While it is true that a pet can help almost any child learn important life lessons like responsibility, not every pet is right for every child (and vice versa). Getting a Saint Bernard for your toddler may be setting everyone up for failure, while getting a goldfish for your 17-year-old may not end with a deep, inseparable bond between teen and fish.

Age is likely the biggest consideration when choosing a pet for your child. While a very young child may learn from assisting you with pet chores, toddlers are not physically, mentally, or emotionally mature enough to take full responsibility for an animal. Slightly older children may benefit greatly from a small caged pet, such as a gerbil, fish, lizard, rabbit, bird or turtle. Depending on your child’s interest and maturity, a dog or cat may be a wonderful addition to your family for your older children.

Other considerations include:

Your child’s personality and maturity.
How long the pet will live (turtles can hang around for decades!)
Your budget.
Your time.
Your home and yard.
Your climate.
Your willingness to care for the pet in extenuating circumstances.
Your child’s wishes.
Also know that even if your child takes great care of the animal, you will still have responsibilities for the animal as the parent and adult. Your child will need assistance when the animal needs to see the vet or if the animal becomes sick or hurt. In addition, your child may need help with more difficult regular chores, such as cleaning the animal’s cage or clipping the animal’s nails.

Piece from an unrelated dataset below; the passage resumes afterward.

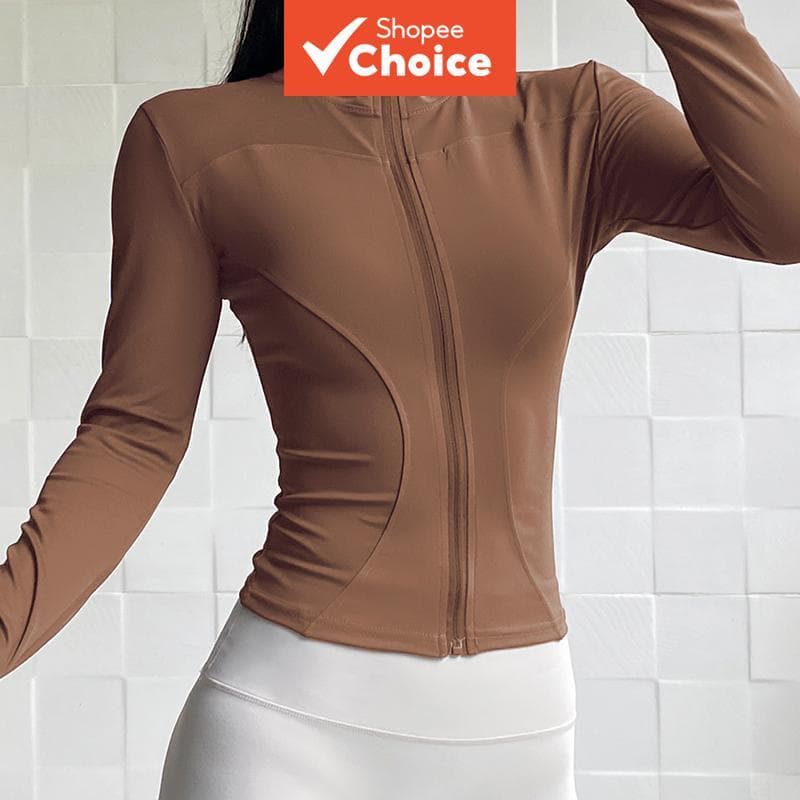Top Feminino De Ioga : Manga Comprida , Zíper Completo , Secagem Rápida , Roupa De Fitness De Alta Elasticidade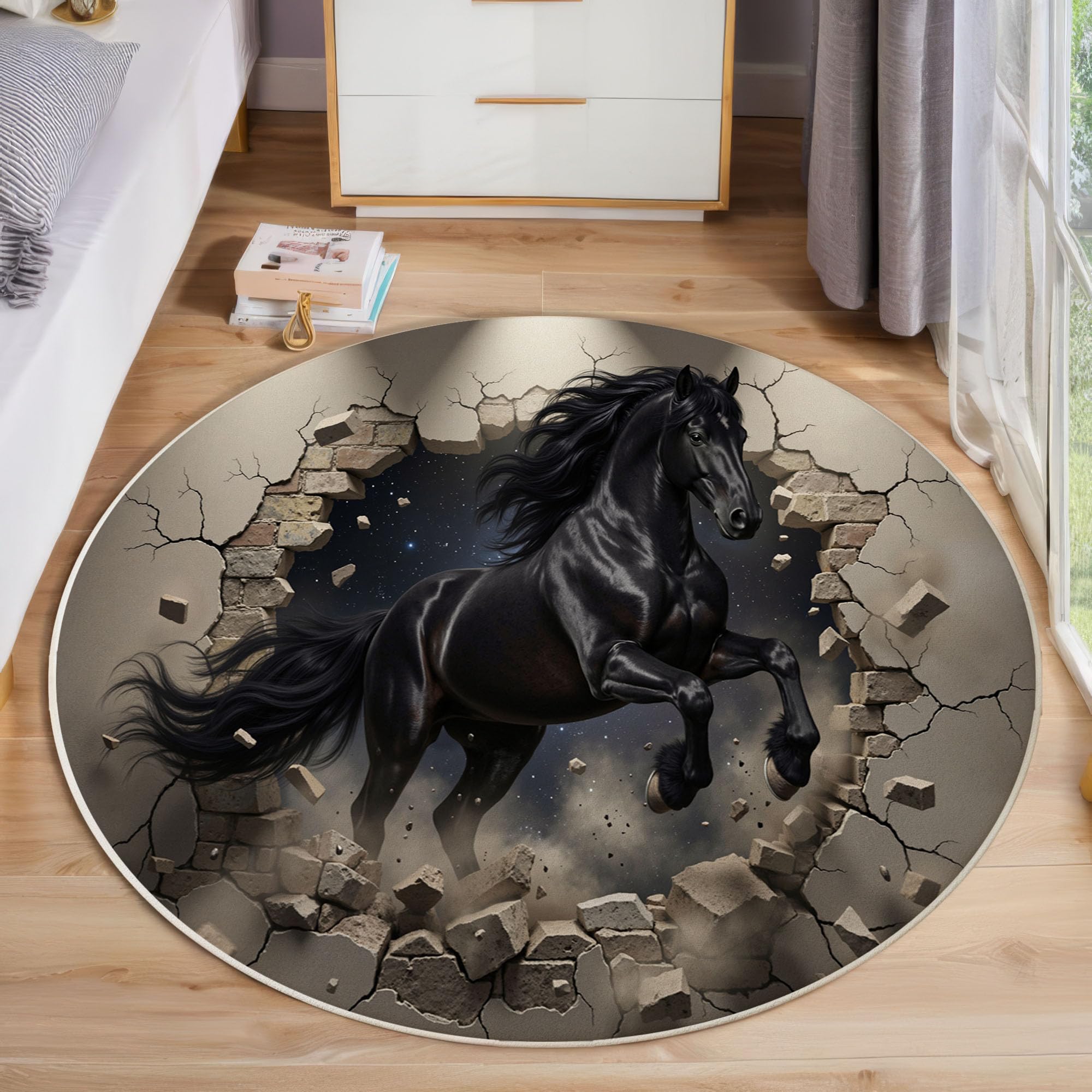 Tapis de salon rond animal noir 120cm moelleux motif cheval 3D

When deciding what kind of a pet to purchase, it is also recommended to have plan for what happens if your child loses interest in the pet or if the pet is too much of a responsibility for your child. Can you easily re-home the animal? Do you mind taking care of the animal’s daily needs?

Remember: you teach the lessons, not the pet!

It isn’t as easy as buying a puppy and watching as your child becomes more responsible and mature. The pet that you give your child is a tool for you to teach the lessons. Understand that not everything about having a pet is easy (even if your child cares for it). Mistakes will be made and unexpected events will take place – just be sure to turn those issues into teachable moments.